* Task details *
Quote the material exactly from the line that contains "10ZQ421 Florida License Plate" through its last line. Any pictures are to be left out.

* Material shown *
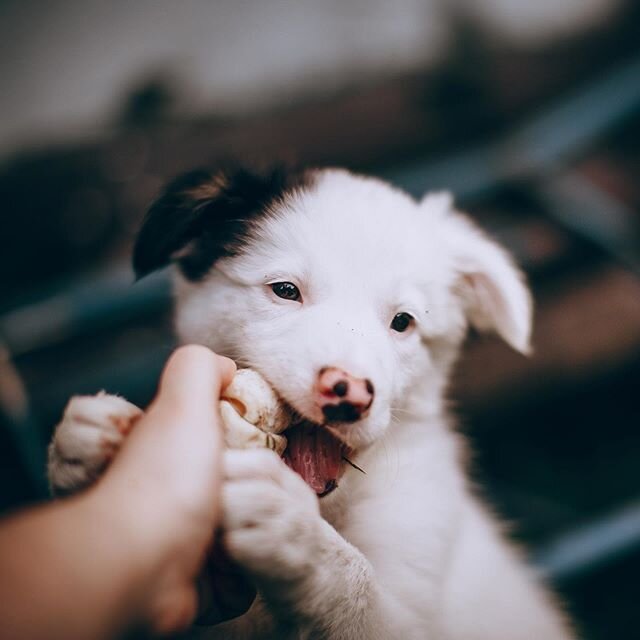 Difficult times can bring positive change. Many of you have decided to extend their family by getting a puppy or adopting. This usually comes with experiencing common puppy issues or other problems. DM us if you need help with this new responsibility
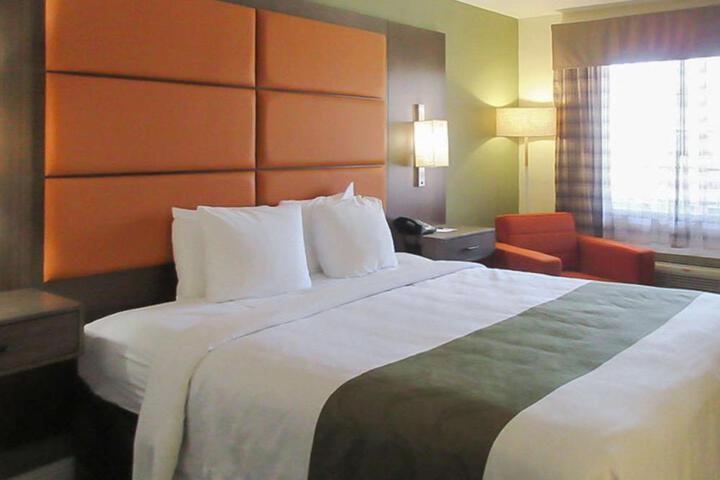 1 King Bed (2 of 16)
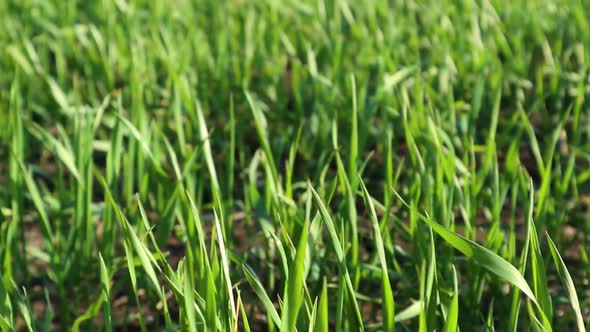 Young green wheat corn grass sprouts field closeup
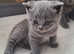 British shorthaired kittens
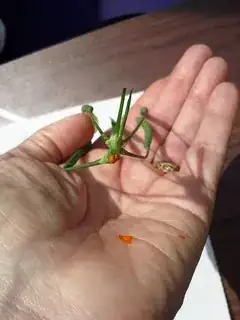 Stem joining cluster of seedpods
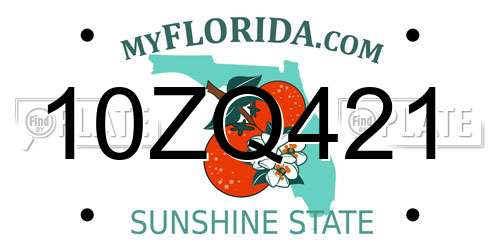 10ZQ421 Florida License Plate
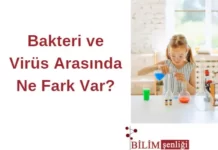 Bakteri ve Virüs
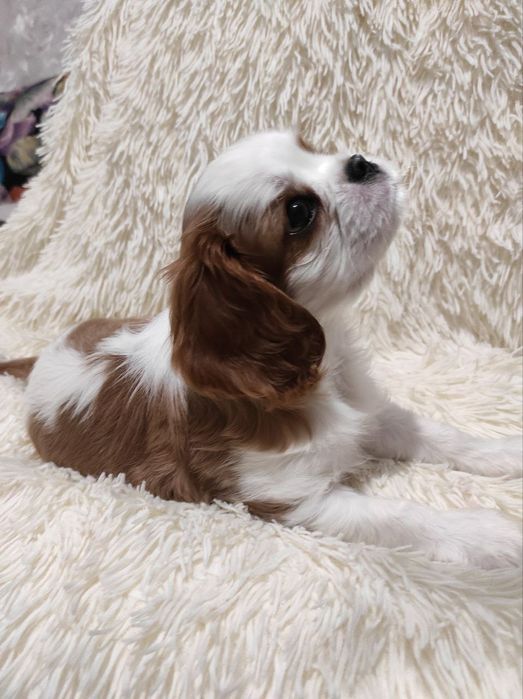 Кавалер Кинг Чарльз Спаниэль, девочка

* Result *
 10ZQ421 Florida License Plate
 Bakteri ve Virüs
 Кавалер Кинг Чарльз Спаниэль, девочка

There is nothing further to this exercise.